BEGIN Information

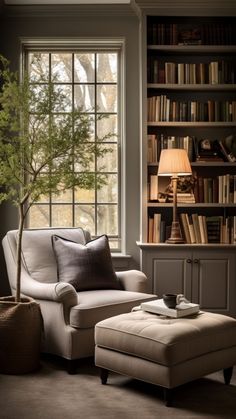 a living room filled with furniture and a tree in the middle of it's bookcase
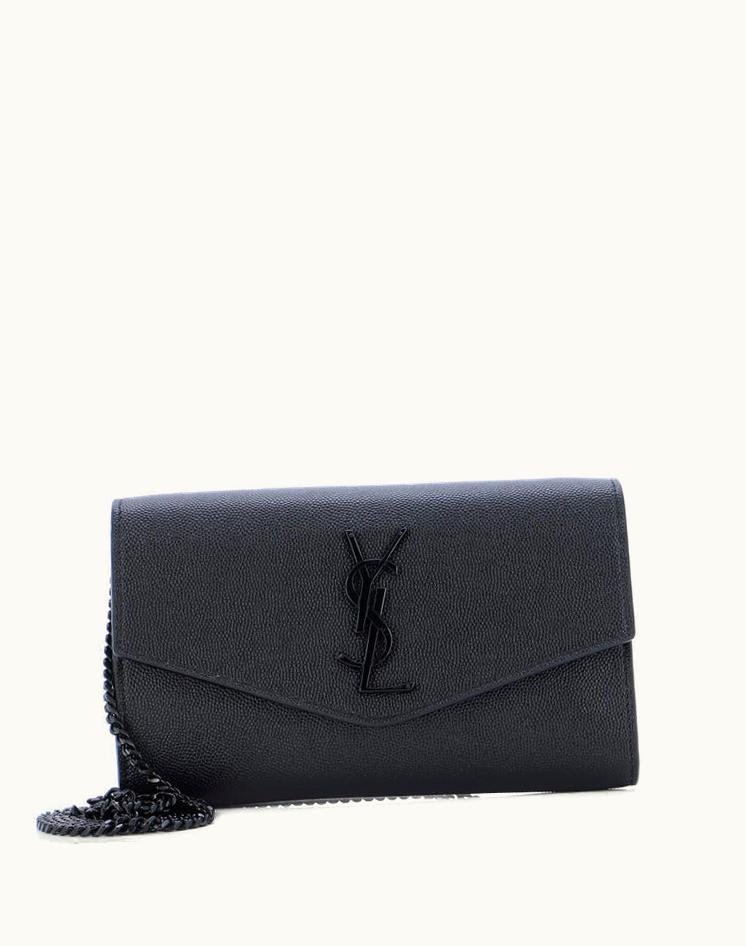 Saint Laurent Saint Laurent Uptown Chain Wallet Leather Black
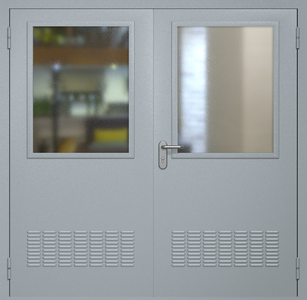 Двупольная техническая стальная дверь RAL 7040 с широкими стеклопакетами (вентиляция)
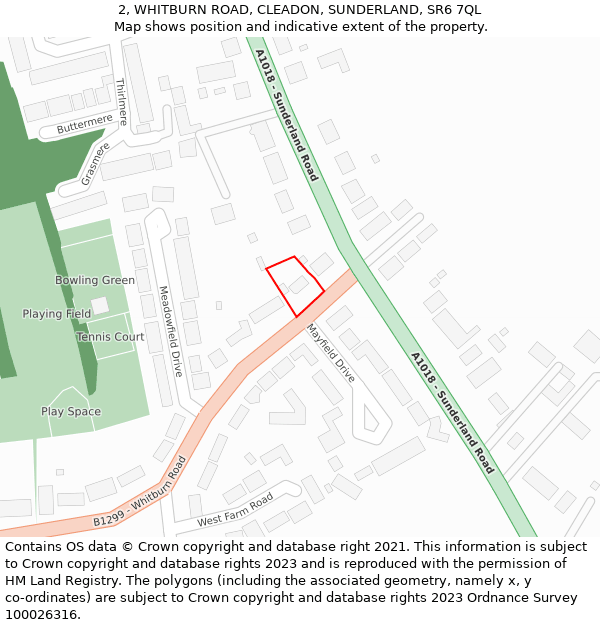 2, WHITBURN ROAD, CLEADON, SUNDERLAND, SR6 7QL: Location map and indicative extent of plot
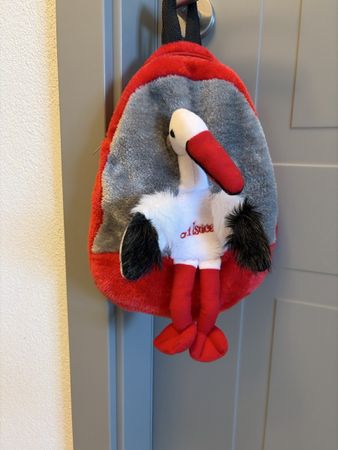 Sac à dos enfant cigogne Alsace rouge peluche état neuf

END Information

## Exercise brief
Would you return the data above exactly as written, minus the images?

## Exercise solution
 a living room filled with furniture and a tree in the middle of it's bookcase
 Saint Laurent Saint Laurent Uptown Chain Wallet Leather Black
 Двупольная техническая стальная дверь RAL 7040 с широкими стеклопакетами (вентиляция)
 2, WHITBURN ROAD, CLEADON, SUNDERLAND, SR6 7QL: Location map and indicative extent of plot
 Sac à dos enfant cigogne Alsace rouge peluche état neuf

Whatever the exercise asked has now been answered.